Since everything on the Guardian site is workflowed and we have our own development environments the application already runs in multiple modes. In preview mode or on a developer workstation our components are wrapped in comments, with the component name and a few other useful items. This is invaluable when debugging since finding the component causing the problem is otherwise hit or miss and some of our components are nested eight levels deep, just try tracking down the troublemaker without some kind of marker. I would recommend doing this, or something similar, in any templating system it will save hours of time and help keep your client-side developers sane.
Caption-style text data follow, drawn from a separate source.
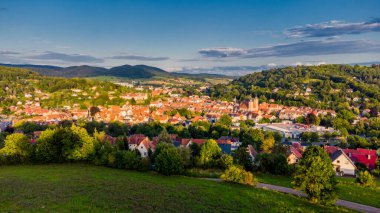 Schmalkalden - Thüringen - Almanya 'nın yarım yamalak kasabası üzerinde yaz akşamı yürüyüşü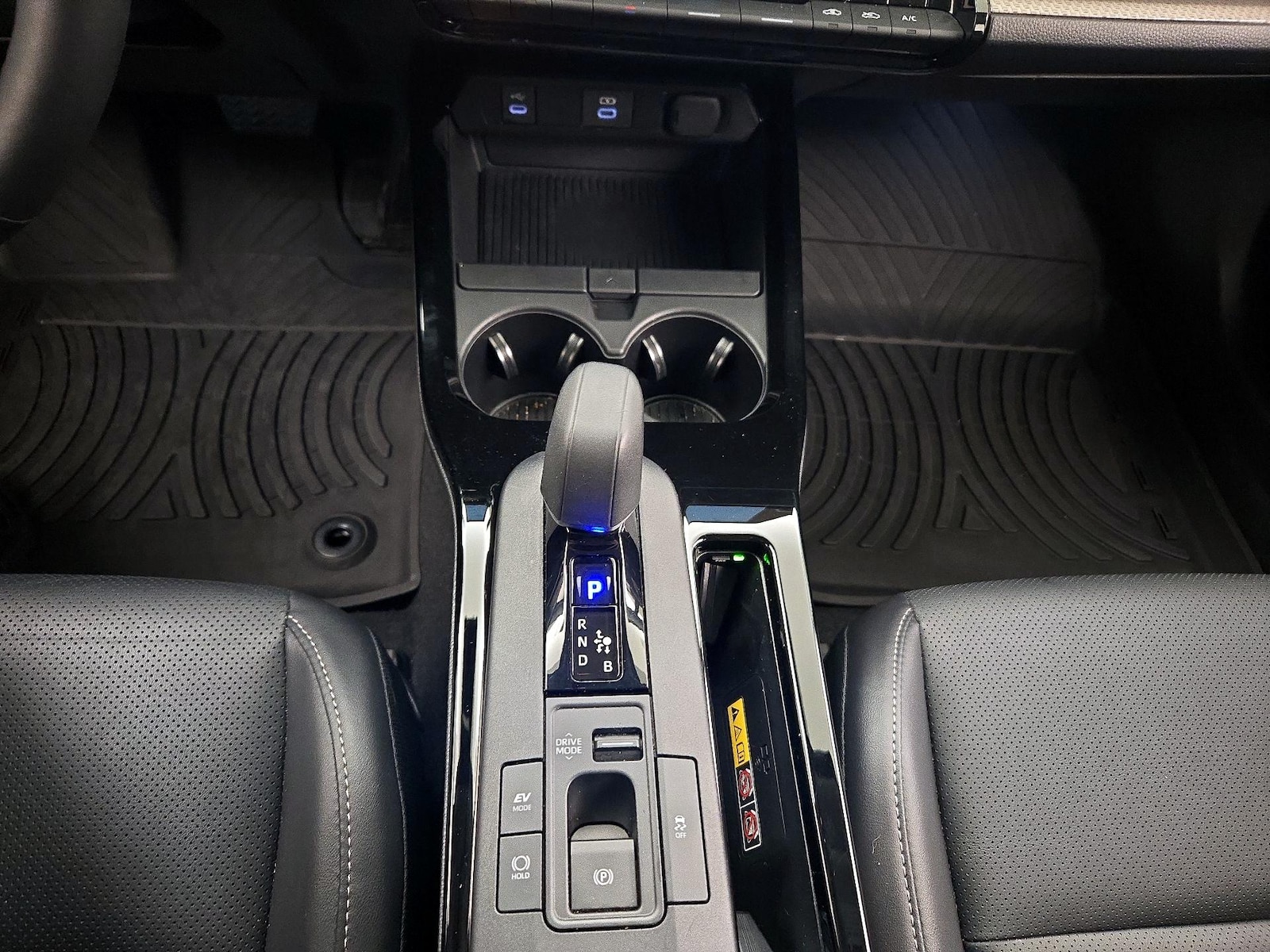 2026 Toyota Prius XLE - Photo 18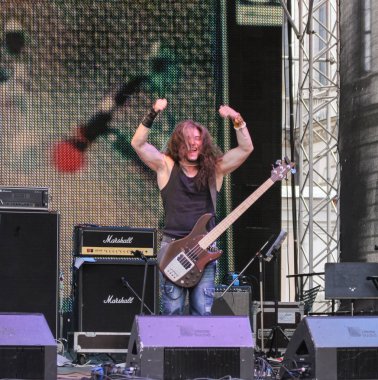 Sahne Alanı'nda rock müzisyeni.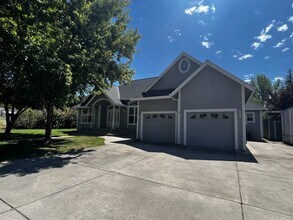 11155 Ringtail Rd in Penn Valley, CA - Building Photo - Building Photo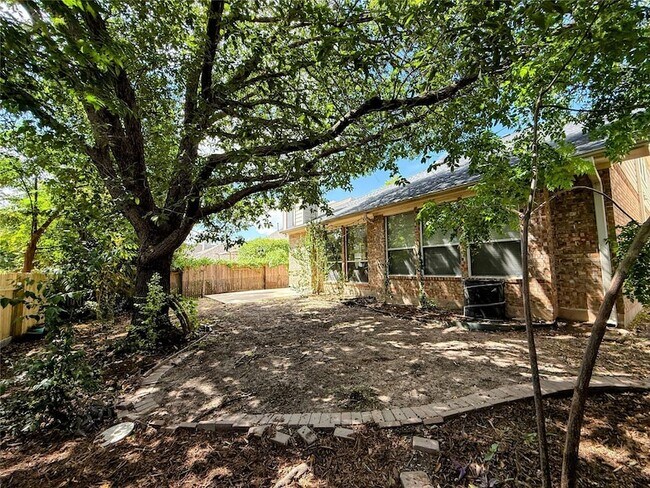 Building Photo - 1624 Maize Bend Dr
The components themselves were developed to do one thing, this resulted in several layers to each piece of functionality. As mentioned we nest components deeply, often a component would be decision making it would choose which component is most appropriate to handle the shape of the data. It also means that a component will commonly be just 10 to 20 lines with some choices and a couple of tags and lots of calls to other components. The nesting of components is the primary way we get code re-use, while velocity does have macros they simply didn’t have the flexibility afforded by our components, particularly since macros could not have optional parameters.
This emphasis on lots of small components may seem to be storing up trouble for future as the number of places changes need to be made constantly increase. In fact because the individual components are generally very simple, reading and understanding them is easier. On occasion when there is a lot of complexity it is centralized. We also have a strong emphasis on deleting unused code and components.
Template vs layout
As I mentioned before we had approximately 280 templates, many of these did in-fact correspond to one layout, but not all. Some of our templates particularly ones for the front of the site or sections on the site or used to give special emphasis to a subject had multiple layouts.
The cms did not use wysiwyg editors (and this is a good thing) it did however allow the editors to place hints — when a new column should start, whether to use a special rendering and so on. These hints could then be interpreted by the template and produce an alternative layout. This is an incredibly powerful device and we used it extensively. It was also this hinting system that drove much of the component choosing behavior mentioned above. The other driver of component selection was image size, the component used would change depending on the image width (we almost never used height). This works so well because the Guardian’s grid meant image sizes were entirely predictable.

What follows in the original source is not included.